● **Data for this task**:
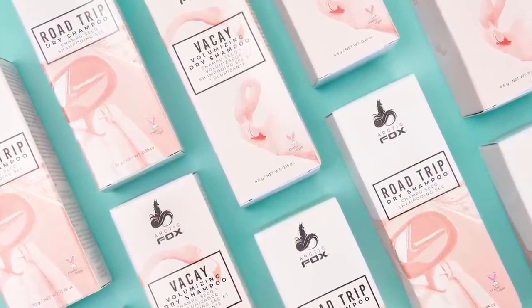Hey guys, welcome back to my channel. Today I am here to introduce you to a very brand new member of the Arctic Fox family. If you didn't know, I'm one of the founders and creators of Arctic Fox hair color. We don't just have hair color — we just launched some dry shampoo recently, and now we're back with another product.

* * *

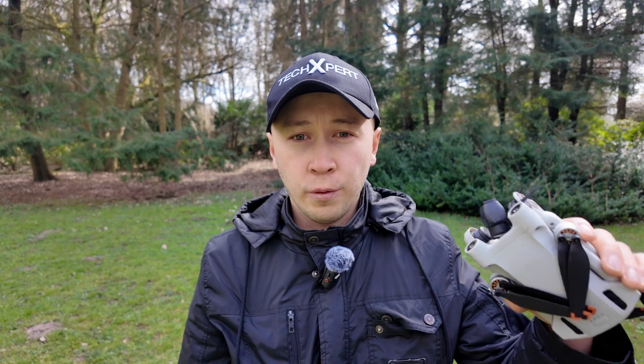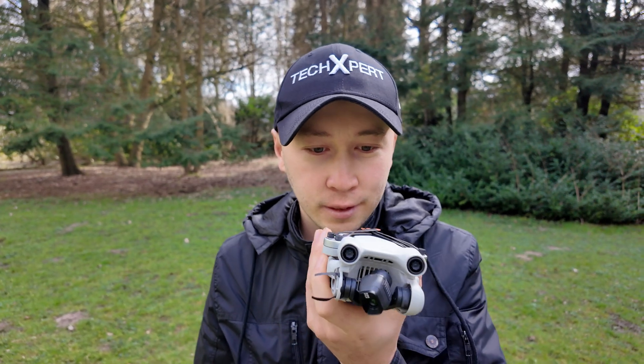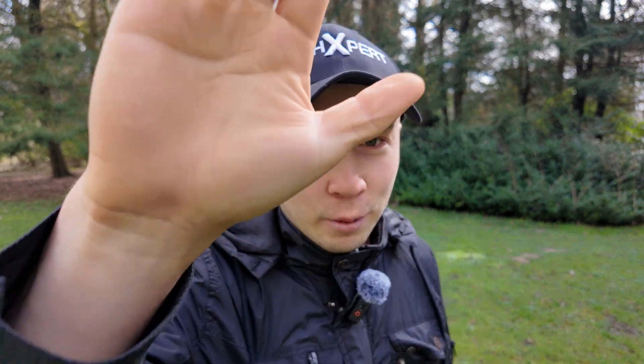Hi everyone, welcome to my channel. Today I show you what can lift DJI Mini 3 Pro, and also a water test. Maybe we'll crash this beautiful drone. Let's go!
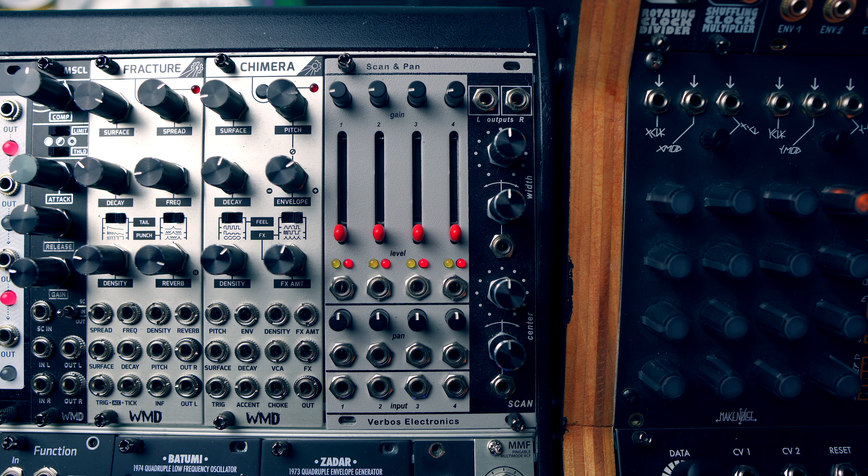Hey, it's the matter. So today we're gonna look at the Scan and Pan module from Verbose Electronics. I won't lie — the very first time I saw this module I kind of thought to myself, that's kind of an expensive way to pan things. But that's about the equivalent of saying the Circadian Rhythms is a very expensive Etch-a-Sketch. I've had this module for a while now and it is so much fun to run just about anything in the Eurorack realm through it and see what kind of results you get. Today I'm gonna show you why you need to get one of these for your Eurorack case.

● **Instructions to follow**: Look above for the line with "Hi everyone, welcome" and the line with "Hey, it's the". Copy them and every line between, exactly, but no pictures.

● **Result of this task**:
Hi everyone, welcome to my channel. Today I show you what can lift DJI Mini 3 Pro, and also a water test. Maybe we'll crash this beautiful drone. Let's go!
Hey, it's the matter. So today we're gonna look at the Scan and Pan module from Verbose Electronics. I won't lie — the very first time I saw this module I kind of thought to myself, that's kind of an expensive way to pan things. But that's about the equivalent of saying the Circadian Rhythms is a very expensive Etch-a-Sketch. I've had this module for a while now and it is so much fun to run just about anything in the Eurorack realm through it and see what kind of results you get. Today I'm gonna show you why you need to get one of these for your Eurorack case.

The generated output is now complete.